Dealer accountants and NADA are finding that an IRS that's "really here to help" is threatening to strip away two perks that have saved dealers vast sums of money in recent years.

Both issues involve the fixed-operations side of the business: Last-In-First-Out (LIFO) application on parts inventories and "tax-free" rental of tools to service technicians.

Each issue has been stoutly debated by the parties involved, with the LIFO matter aired before a U.S. Tax court. The court ruled this year that Denver's Mountain State Ford Truck Sales had erred in using "replacement cost" instead of "actual cost" in valuing its part inventories.

The impact of the Mountain State ruling, in a case whose dealer legal expenses were partially funded by NADA, is "staggering if it remains a nationwide IRS precedent," says veteran dealer CPA Willard J. DeFilipps, of Mt. Prospect, IL.

He spoke at a Michigan Association of Certified Public Accountants conference in Troy, MI.

Concerns of Mr. DeFilipps and other dealer CPAs were heightened when an NADA-IRS meeting on the issue last summer wound up with no resolution.

IRS officials said they were bound by the Tax Court's interpretation of the Mountain State Ford situation. Dealer attorneys had contended in court sessions that "actual cost" was difficult to determine as a barometer of tax computation.

A measure of relief was expressed at the Michigan CPA gathering by the new IRS motor vehicle industry specialist, Mary Burke Baker of Grand Rapids, MI.

She opened her conference remarks with the statement, "We're really here to help."

Ms. Baker notes that the LIFO issue "is very political" and called for a compliance moratorium on using actual cost until vendors can adapt their software.

She says, "I tell my bosses in Washington constantly that we need above all to be fair and consistent across the country on all policies. The Mountain State case can become a slippery slope for all LIFO-related matters."

Mr. DeFilipps, an expert witness in the Mountain State Ford proceedings, charged that the Tax Court helped the IRS "throw another monkey wrench into dealership tax accounting."

But he also criticized NADA for taking an "unrealistic" stance in its IRS negotiations, saying that Mountain State had falsely used "replacement cost" as "actual cost" and that use of replacement cost as a LIFO determinant had been constantly practiced by all dealers adopting the LIFO concept.

Both Ms. Baker and Mr. DeFilipps agree that Congress should take a look at the issue and define in tax law the true definition of "replacement cost."

The prospect of an appeal by Mountain State could stir legislators to intervene in the matter, Mr. DeFilipps says.

Meanwhile, Ms. Baker and Mr. DeFilipps both take a hard line on the relatively new use of technicians' tools as an income-reducing tax saver.

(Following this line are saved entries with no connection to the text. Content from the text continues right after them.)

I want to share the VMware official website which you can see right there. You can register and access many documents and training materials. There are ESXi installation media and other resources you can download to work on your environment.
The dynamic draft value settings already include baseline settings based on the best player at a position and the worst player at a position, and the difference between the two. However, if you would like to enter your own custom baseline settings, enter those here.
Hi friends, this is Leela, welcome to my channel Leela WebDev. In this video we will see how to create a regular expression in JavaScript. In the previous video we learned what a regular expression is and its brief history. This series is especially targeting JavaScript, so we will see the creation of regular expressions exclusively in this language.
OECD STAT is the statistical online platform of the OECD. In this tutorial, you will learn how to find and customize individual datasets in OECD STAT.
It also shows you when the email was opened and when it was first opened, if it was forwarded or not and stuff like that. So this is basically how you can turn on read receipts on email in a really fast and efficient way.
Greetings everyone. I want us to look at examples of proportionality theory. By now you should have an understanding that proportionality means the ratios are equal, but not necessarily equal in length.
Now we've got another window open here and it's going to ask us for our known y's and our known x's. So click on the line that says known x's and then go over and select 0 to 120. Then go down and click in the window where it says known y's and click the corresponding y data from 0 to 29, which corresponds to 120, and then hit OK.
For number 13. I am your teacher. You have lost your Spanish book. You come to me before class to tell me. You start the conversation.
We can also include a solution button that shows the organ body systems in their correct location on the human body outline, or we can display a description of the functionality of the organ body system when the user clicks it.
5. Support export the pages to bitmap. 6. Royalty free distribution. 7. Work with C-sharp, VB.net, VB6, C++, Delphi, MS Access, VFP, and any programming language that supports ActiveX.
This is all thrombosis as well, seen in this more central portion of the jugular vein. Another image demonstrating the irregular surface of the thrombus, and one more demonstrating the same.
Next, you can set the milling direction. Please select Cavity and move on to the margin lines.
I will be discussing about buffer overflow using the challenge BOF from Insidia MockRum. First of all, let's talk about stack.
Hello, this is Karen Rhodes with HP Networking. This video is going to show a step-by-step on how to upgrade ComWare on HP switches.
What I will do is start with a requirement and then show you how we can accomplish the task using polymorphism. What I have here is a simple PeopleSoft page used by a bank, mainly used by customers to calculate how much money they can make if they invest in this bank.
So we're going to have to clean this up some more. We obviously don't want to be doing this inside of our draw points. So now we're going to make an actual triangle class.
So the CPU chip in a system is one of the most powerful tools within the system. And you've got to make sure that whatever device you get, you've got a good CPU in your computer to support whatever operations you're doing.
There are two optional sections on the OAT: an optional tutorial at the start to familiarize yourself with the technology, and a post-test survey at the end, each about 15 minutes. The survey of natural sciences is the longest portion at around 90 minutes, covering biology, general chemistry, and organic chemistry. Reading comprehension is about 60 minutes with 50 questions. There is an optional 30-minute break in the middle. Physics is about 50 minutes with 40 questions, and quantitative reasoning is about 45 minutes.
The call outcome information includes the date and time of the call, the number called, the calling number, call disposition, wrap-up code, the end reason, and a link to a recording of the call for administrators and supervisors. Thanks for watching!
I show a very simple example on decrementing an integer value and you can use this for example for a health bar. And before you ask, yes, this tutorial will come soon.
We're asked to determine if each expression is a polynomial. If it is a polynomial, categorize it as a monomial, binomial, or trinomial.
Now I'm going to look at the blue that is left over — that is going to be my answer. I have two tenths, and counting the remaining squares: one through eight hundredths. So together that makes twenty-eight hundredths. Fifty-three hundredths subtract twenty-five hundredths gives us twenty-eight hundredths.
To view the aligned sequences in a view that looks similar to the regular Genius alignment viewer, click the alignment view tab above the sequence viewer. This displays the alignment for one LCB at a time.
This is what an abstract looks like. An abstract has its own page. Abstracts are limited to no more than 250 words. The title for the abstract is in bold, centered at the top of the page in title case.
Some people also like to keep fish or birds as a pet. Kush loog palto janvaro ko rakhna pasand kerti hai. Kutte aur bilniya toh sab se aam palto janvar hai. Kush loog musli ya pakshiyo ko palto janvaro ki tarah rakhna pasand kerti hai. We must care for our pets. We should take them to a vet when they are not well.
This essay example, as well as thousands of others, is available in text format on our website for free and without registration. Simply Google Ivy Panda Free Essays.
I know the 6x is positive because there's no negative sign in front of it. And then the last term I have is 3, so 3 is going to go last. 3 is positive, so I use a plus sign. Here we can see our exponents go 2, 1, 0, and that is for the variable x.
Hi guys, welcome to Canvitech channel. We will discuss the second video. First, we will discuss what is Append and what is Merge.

Introduced on the West Coast and in Florida and now being promoted nationwide, the rental plans are promoted as employer reimbursements to employees for non-taxable business expenses that are not subject to employment taxes.

But Ms. Baker issues a somber warning against use of the plans, asserting that the ones she has reviewed "have not established a clear business expense-related purpose and the reimbursements are excessive for the most part and are like a square peg fitted into a round hole."

Mr. DeFilipps warns that dealers face a "trem-endous" tax liability for all employment taxes if the IRS finally determines that the rental plans are non-accountable, while their technicians could be asked to pay retroactive self-employment taxes deemed as net income.

The IRS to date has not ruled on any specific rental plan, and Ms. Baker told the conference she had seen none that meets tax code regulations.